Credit: Tim Peters, PythonLabs

Algorithm
research is what drew me to Pythonand I fell in love. It
wasn't love at first sight, but it was an attraction
that grew into infatuation, which grew steadily into love. And that
love shows no signs of fading. Why? I've worked in
fields pushing the state of the art, and, in a paradoxical nutshell,
Python code is easy to throw away!

When you're trying to solve a problem that may not
have been solved before, you may have some intuitions about how to
proceed, but you rarely know in advance exactly what needs to be
done. The only way to proceed is to try things, many things,
everything you can think of, just to see what happens. Python makes
such exploration easier by minimizing the time and pain from
conception to code: if your colleagues are using, for example, C or
Java, it's not unusual for you to try (and discard)
six different approaches in Python while they're
still getting the bugs out of their first attempt.
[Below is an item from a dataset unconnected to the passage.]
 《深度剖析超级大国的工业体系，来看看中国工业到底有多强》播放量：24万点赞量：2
In addition, you will have naturally grown classes and modules that
capture key parts of the problem domain, simply because you find the
need to keep reinventing them when starting over from scratch.
I've used many languages in my computer career, and
I know of none more productive than Python for prototyping. Best of
all, while being an expert is often helpful, moderate skill in Python
is much easier to obtain than for many other languages, yet much more
productive for research and prototyping than merely moderate skill in
any other language I've used. You
don't have to be an expert to start!

So if you're in the research businessand
every programmer who doesn't know everything
occasionally isyou've got a nearly perfect
language in Python. How then do you develop the intuitions that can
generate a myriad of plausible approaches to try? Experience is the
final answer, as we all get better at what we do often, but studying
the myriad approaches other people have tried develops a firm base
from which to explore. Toward that end, here are the most inspiring
algorithm books I've read. They'll
teach you possibilities you may never have discovered on your own:

John Bentley, Programming Pearls and More Programming Pearls (Addison-Wesley)
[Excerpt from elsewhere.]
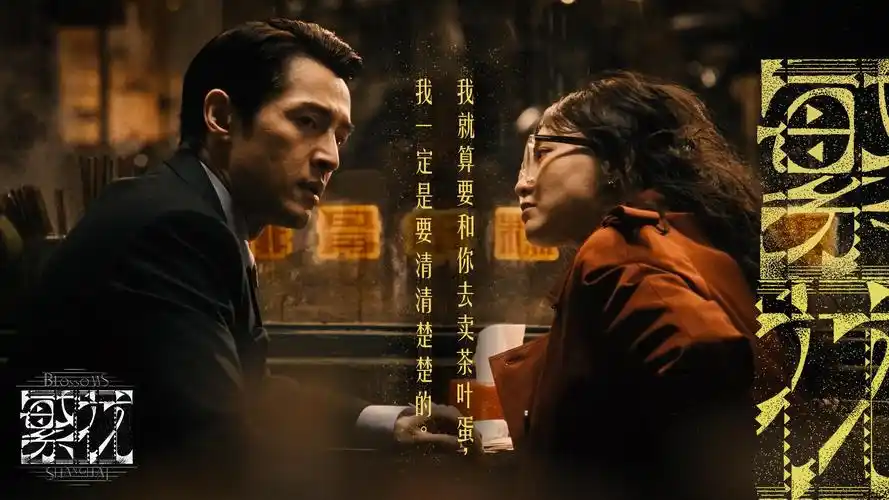 松子主视觉《松林秘语》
Every programmer should read these books from cover to cover for
sheer joy. The chapters are extended versions of a popular column
Bentley wrote for the Communications of the Association for Computing
Machinery (CACM). Each chapter is generally self-contained, covering
one or two lovely (and often surprising, in the
"Aha! why didn't I think of
that?!" sense) techniques of real practical value.


Robert Sedgewick, Algorithms in C++ or Algorithms in C (Addison-Wesley)
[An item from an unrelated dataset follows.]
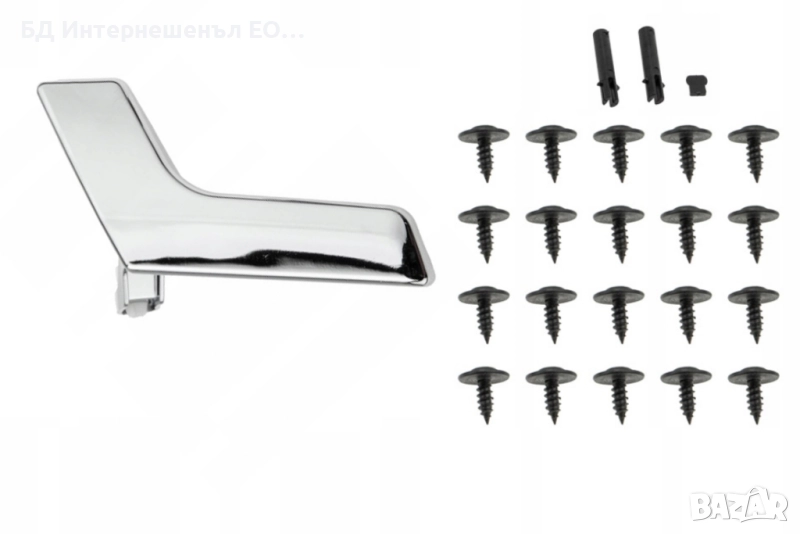 2047201171  Вътрешна дръжка за лява врата, Mercedes, C W204, GLK X204, Хром, снимка 1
These books cover the most important general algorithms, organized by
problem domain, and provide brief but cogent explanations, along with
working code. The books cover the same material; the difference is in
which computer language is used for the code. I recommend the C++
book for Python programmers, because idiomatic Python is closer to
C++ than to C. Sedgewick's use of C++ is generally
simple and easily translated to equivalent Python. This is the first
book to reach for when you need to tackle a new area quickly.


Donald Knuth, The Art of Computer Programming, series (Addison-Wesley)


For experts (and those who aspire to expertise), this massive series
in progress is the finest in-depth exposition of the state of the
art. Nothing compares to its unique combination of breadth and depth,
rigor, and historical perspective. Note that these books
aren't meant to be read, they have to be actively
studied, and many valuable insights are scattered in answers to the
extensive exercises. While the books include detailed analysis,
there's virtually no working code, except for
programs written in assembly language for a hypothetical machine of
archaic design (yes, it can be maddeningly obscure). It can be hard
going at times, but few books so richly reward time invested.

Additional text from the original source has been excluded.